Citric Acid Concentration of Strawberry Fanta (or Barq's Rootbeer) as Determined by pH Measurement
In
a previous experiment, you determined the concentration of citric acid
(hereafter known simply as CA) by titration. Titration has a few flaws,
one of which is that if we are trying to titrate a solution that has a
color, 'seeing' and endpoint is difficult. Just 'seeing' is the other
big problem, because the 'end point' is a judgment call.
In this
experiment, we are going to solve both problems at one, by measuring
the pH of the soda sample and using our knowledge of equilibrium
calculations, we can determine [CA] without every looking at it, just
measuring it with some objective instrument (a pH meter)
Now,
nobody said the math was going to be easy, in fact, we are going to
cheat.

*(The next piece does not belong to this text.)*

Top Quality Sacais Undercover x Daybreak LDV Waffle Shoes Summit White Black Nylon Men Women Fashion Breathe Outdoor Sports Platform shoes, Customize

Citric acid is a tri-protic acid, and doing a pH calculation of
a X.Y molar solution is really hard because we would have to solve
three equilibrium equations simultaneously, which nobody wants to do,
so we are going to calculate a pseudo equilibrium constant, (Ka*) the
one for this equilibrium:
H3C6H5O7 ↔ H+(aq) + H2C6H5O7-(aq)
Which,
I know looks like the Ka1 expression for citric acid (it is) but we are
going to pretend that this is the ONLY equilibrium going on. (a safe
assumption because we make the assumption throughout the experiment.
Any error because of it is actually canceled out.
You are going
to make solutions of known initial citric acid concentration (think 'I'
in ICE) by adding pure (s) citric acid diluted into a 25.00 mL flask.
The pH will then measured allowing us to calculate the equilibrium
(think 'E' line in ICE) concentration of H+(aq) allowing us to
calculate the value for Ka*. Three good runs, of course.
Armed
with that value, we can measure the pH of the soda sample, and the
problem turns into one of the 'other' kind of equilibrium problems
(Given pH and Ka, calculate initial acid concentration)
Lab Report: Yes, you should do one. Not sure what flavor... Ask me in lecture.
Pre-Lab questions: (worth 8 points)
1.
HZ is a weak acid. An aqueous solution of HZ is prepared by dissolving
0.035 mol of HZ in sufficient water to yield 1.0 L of solution. The pH
of the solution was 3.93 at 25.0 °C. The Ka of HZ is __________.
2.
The pH of a different solution of HZ is measured to be 4.23. What is
the concentration of this new solution (you are trying to determine
that pesky 'I' line here)